Reproduce the listing below character for character; drop every image.

** Given information **
--*--

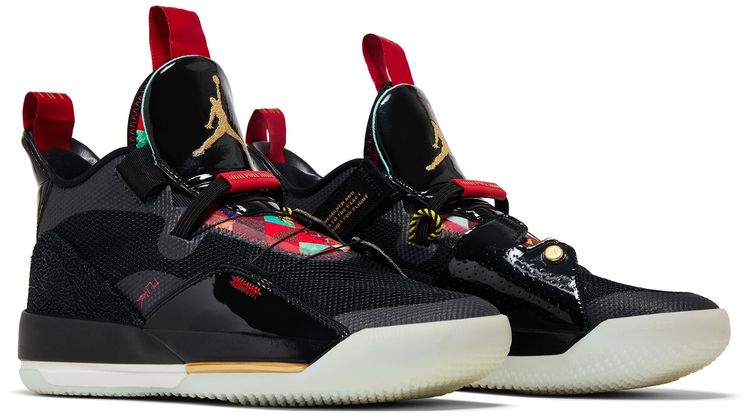 Air Jordan 33 Chinese New Year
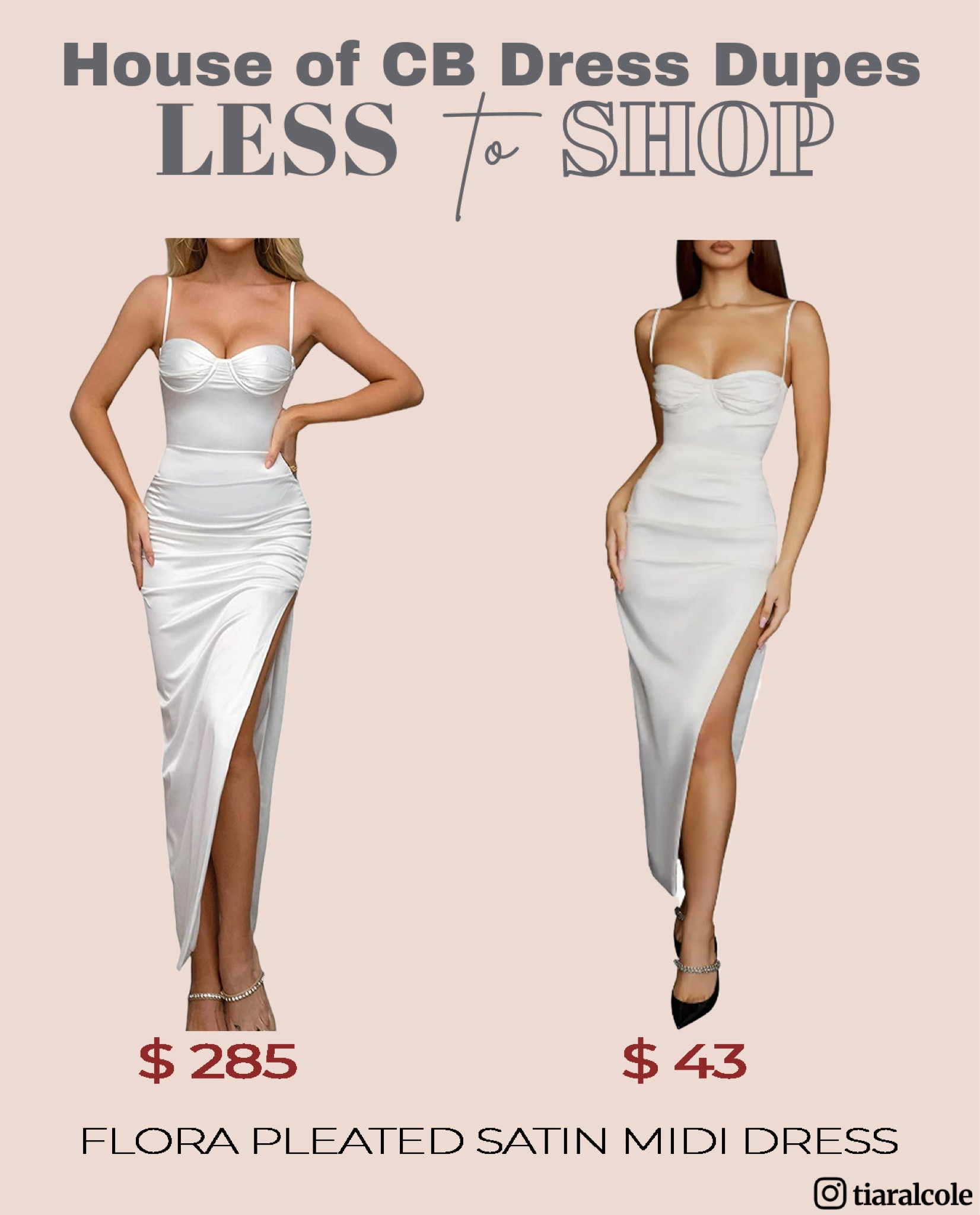 It's flowing pleats and luxurious satin fabric create an enchanting silhouette that's perfect for any special occasion. #FloralPleatedDress #SatinMidiDress #ElegantStyle #LesstoShop #NordstromFinds #AmazonFinds #BacklessBodyconDress

#LTKstyletip #LTKFind #LTKfit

--*--

** Response below **
 Air Jordan 33 Chinese New Year
 It's flowing pleats and luxurious satin fabric create an enchanting silhouette that's perfect for any special occasion. #FloralPleatedDress #SatinMidiDress #ElegantStyle #LesstoShop #NordstromFinds #AmazonFinds #BacklessBodyconDress

#LTKstyletip #LTKFind #LTKfit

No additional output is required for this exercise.